I’m also able to take suggestions and flow with them. Like the one right now of be more vulnerable. I learned how to let go of control. Number two in my five fundamental truths is that I learned how strong and all-encompassing my emotions can be growing up. I was told often to calm down or pick your head up, don’t be too happy, and don’t be too sad and no one wants to see this. And it meant that all of my emotions were just bottled up and put under this pressure cooker. You’re attempting my need for control. Everything is just coming to a head. And yet when I finally learned that emotions are not only valid but beautiful. I learned that holy crap when I am happy and joyful, I am bubbling. I’m bouncing around like a little kid on Christmas day.
When I am sad, you sure as hell know, I’m sad because I’m going to cry. I’m going to let it out. And if I’m even killing, even keel, every emotion, the entire gamut, I sit with them. I get to know them. And when I’m around people and they’re like, how are you? I get to sit and say, Hmm, you know, I’m a little tired right now. I’m a little emotional just because I’m tired or I am unbelievably fantastic. I’m so excited. It’s spring. And the sun is out and things are turning green and everything is just so filled with hope that my heart is flying in this moment. My emotions can be all-encompassing and the people around me absolutely feel it. So I need to be aware of them. I learn how to make sure that while I experienced them, they aren’t negatively affecting those around me.
The number one thing I’ve learned, my number one fundamental truth is that I am a survivor of abuse, emotional, mental, verbal rape, patriarchy, general, religious bonds, and sexuality. Let me tell ya, we all go through shit. We all have a hard time. We have moments that have the opportunity to break us and they may break us for a moment before we stand up and say, bullshit, I’m still here. I’m not going anywhere. I’m a survivor. And I wanted to empower everyone to be survivors, not just of what has been done to you, but what you also do to yourself, those beliefs, those thoughts, those emotions that hold you back and tell you that you are less than, or not worthy. Those beliefs that you’ve adopted because other people have told you and you continue to ingest. I refuse to endure the disrespectful treatment of my amazing human self, not by myself and not by anyone else.
I pray that others find that same strength. You’re amazing. You are beautiful. You are strong. You are a survivor. You have the ability to make it through this and change it for so many beautiful, positive, wonderful days ahead. You have the power to change where you’re at. You get to create where you’re at. You don’t have to accept the path that somebody else has told you to walk time. Patience, self-ownership, and understanding. Humility have worked to heal the wounds of my past. And yet they’ve left a reminder of strength of hope and of lessons learned for the future. So I look at my team and I say, how’s that for vulnerable? How’s that for sharing some lessons that I’ve learned and keep in mind that lessons I’ve learned and shit that I’ve owned are two completely different things. Yes. I learned a lesson, a new truth.

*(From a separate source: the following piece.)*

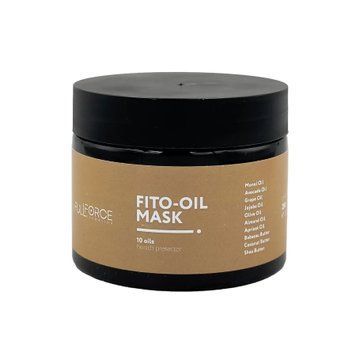 Full Force Фіто маска Fito oil mask health protector ten oils 250 FF00065 фото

I had to work through the heavy challenges in order to be able to see that light at the end of the tunnel. And it is not a freight train. It was actually something beautiful. I know that I contributed to the chaos and the uncertainty in my youth. I know that I needed love and attention. I know that I asked for things in unhealthy ways and that people didn’t have the tools to help me. These are shit I’ve owned. The truths that I’ve learned are just as beautiful in being vulnerable in this spirit of vulnerability that people have repeatedly been asking me to bring out lately, I encourage you to sit back. What are some fundamental truths that you have learned about yourself? Some beautiful things that on the one hand, it’s a challenge. And on the other hand, damn right, you did that. I promise you that if you sit down and you do that, and you look at it, you’ll actually empower yourself. You will find a strength that you didn’t necessarily know was there. And in finding that strength and reminding yourself of what your five fundamental truths are, things will shift. You just might find that you’re holding your head up a little bit higher and you’re smiling a little bit broader. And that, yeah, I did that. Thank you for being here with me. Thank you for listening while I shared some depth of my own. I look forward to being here with you again next week on Breathe In, Breathe Out.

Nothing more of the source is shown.